◆ Task brief
Would you transcribe the entries below word for word, omitting all images?

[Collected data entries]
★ ★ ★ ★ ★

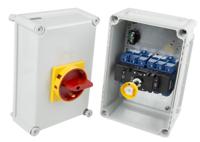 kg100t206gba004st Kraus & Naimer 6P Pole Isolator Switch - 100A Maximum Current, 37kW Power Rating, IP65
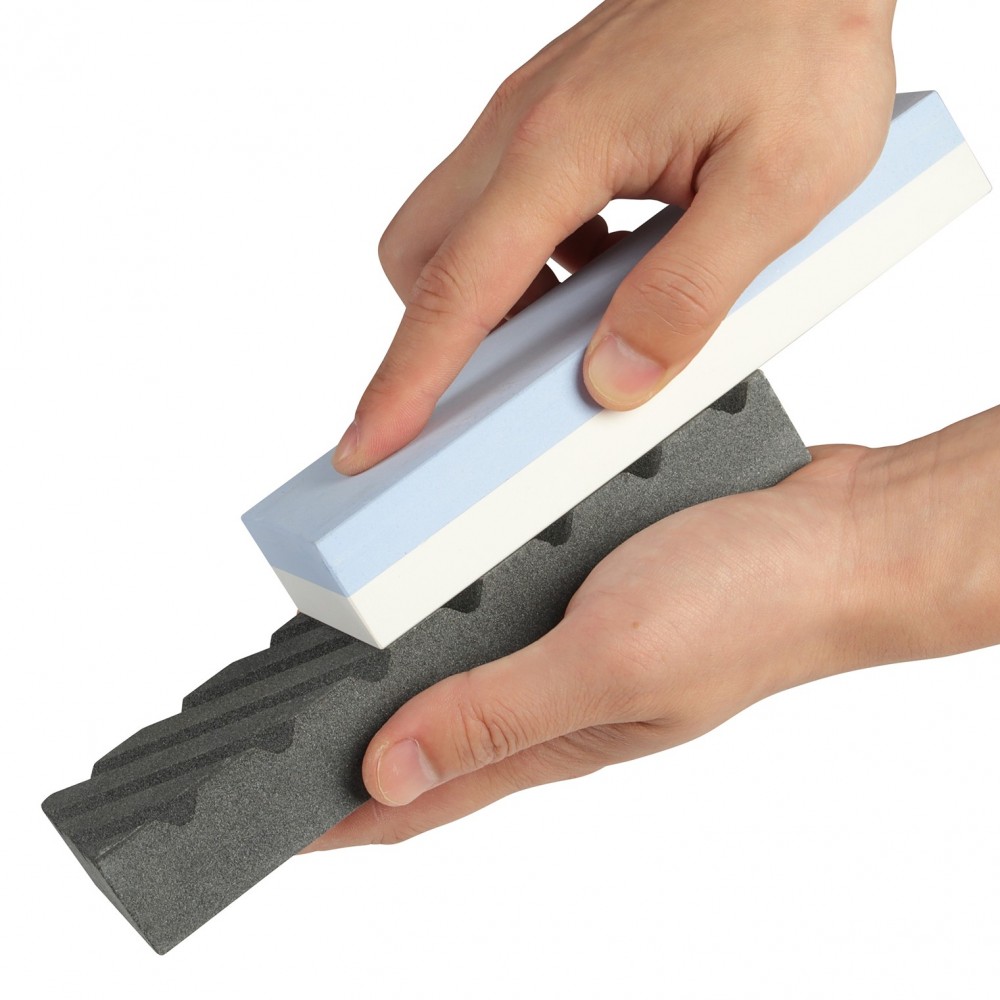 Srovnávací blok brusných kamenů Risam RW011 - šedý - Obrázek 3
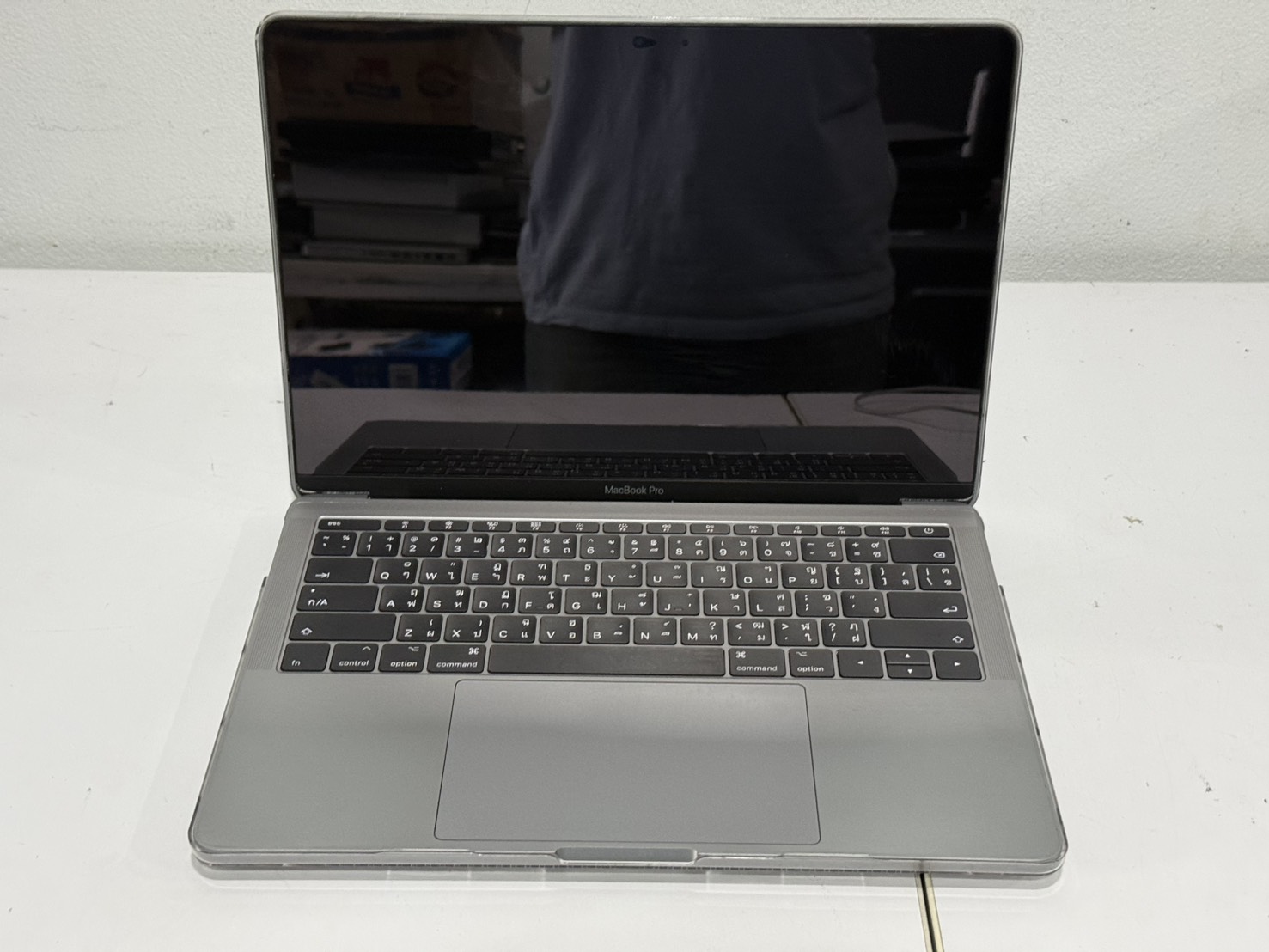 ขาย Macbook Pro 13" 2017(i5-2.3GHz/8GB/SSD 128GB)ไม่มีชุดชาร์จ Panal จอเสีย เปิดกว้างแล้วดับ จอไม่ติด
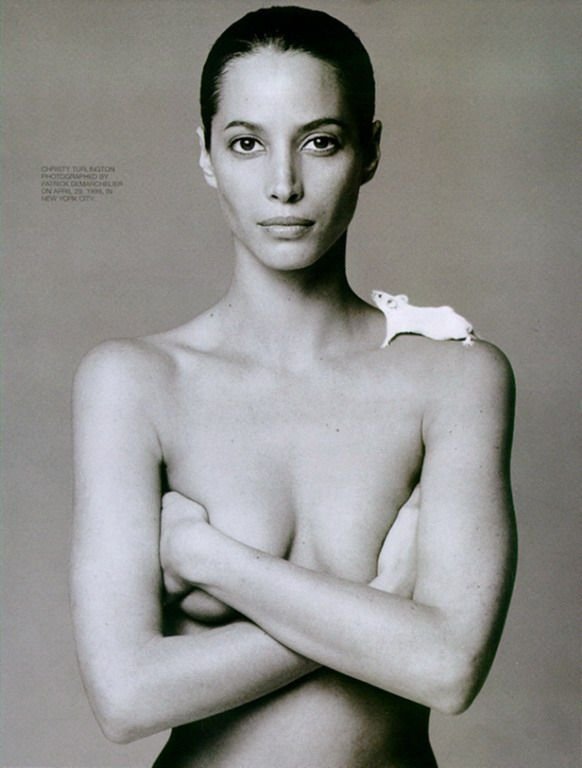 Fonds d'cran Clbrits Femme Christy Turlington 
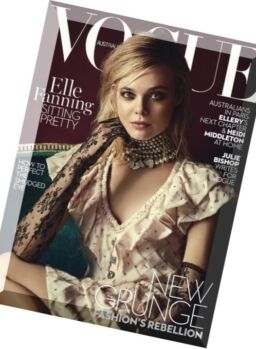 Vogue Australia – March 2016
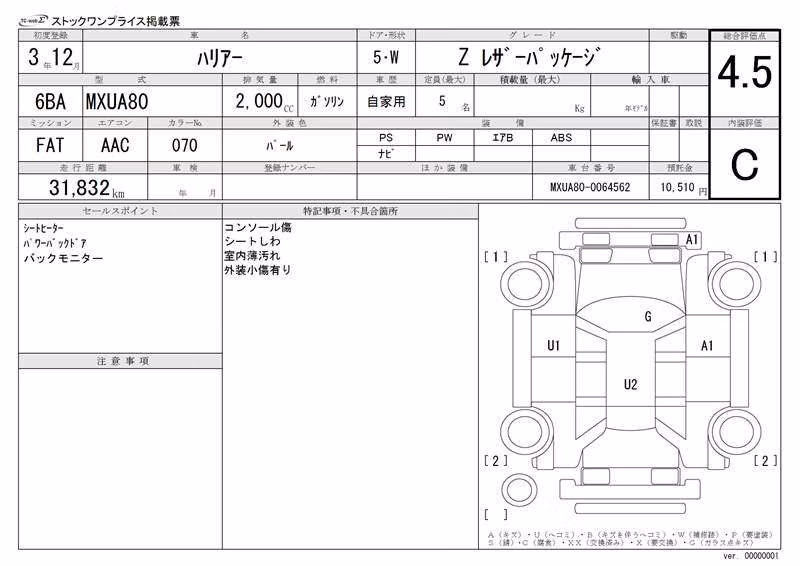 TOYOTA HARRIER
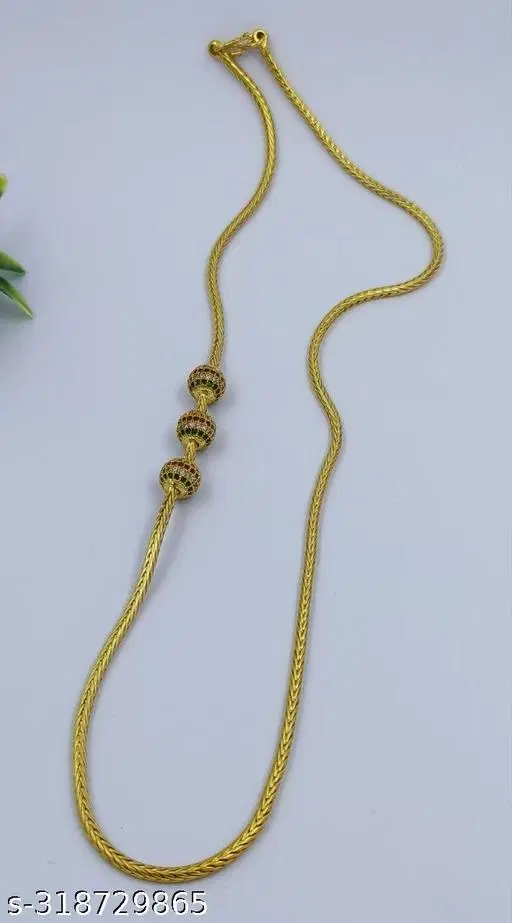 1gram gold paleted jewellery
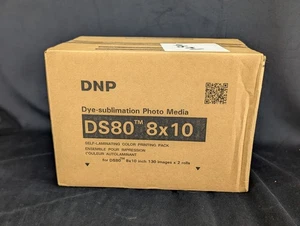 Uszczelniona drukarka DNP DS80 8X10 papier fotograficzny - Zdjęcie 1 z 5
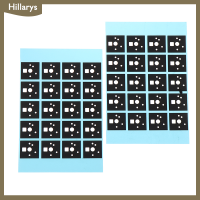 [Hillarys] แผ่นสติกเกอร์แผ่นสวิตช์ PCB วัสดุโฟม EVA PE PORON สำหรับปะเก็นปรับปรุงเสียง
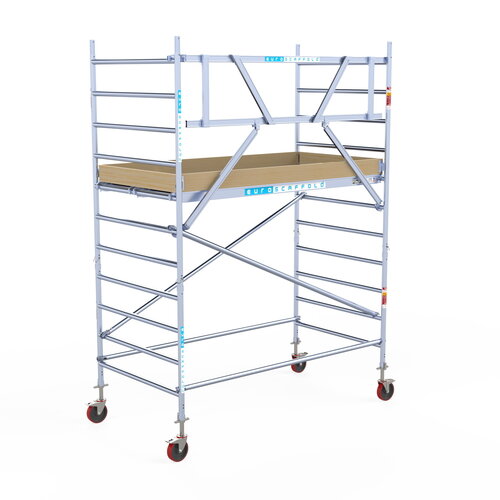 Euroscaffold Basis rolsteiger 135 x 250 x 4,2m werkhoogte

★ ★ ★ ★ ★

◆ Your response
 kg100t206gba004st Kraus & Naimer 6P Pole Isolator Switch - 100A Maximum Current, 37kW Power Rating, IP65
 Srovnávací blok brusných kamenů Risam RW011 - šedý - Obrázek 3
 ขาย Macbook Pro 13" 2017(i5-2.3GHz/8GB/SSD 128GB)ไม่มีชุดชาร์จ Panal จอเสีย เปิดกว้างแล้วดับ จอไม่ติด
 Fonds d'cran Clbrits Femme Christy Turlington 
 Vogue Australia – March 2016
 TOYOTA HARRIER
 1gram gold paleted jewellery
 Uszczelniona drukarka DNP DS80 8X10 papier fotograficzny - Zdjęcie 1 z 5
 [Hillarys] แผ่นสติกเกอร์แผ่นสวิตช์ PCB วัสดุโฟม EVA PE PORON สำหรับปะเก็นปรับปรุงเสียง
 Euroscaffold Basis rolsteiger 135 x 250 x 4,2m werkhoogte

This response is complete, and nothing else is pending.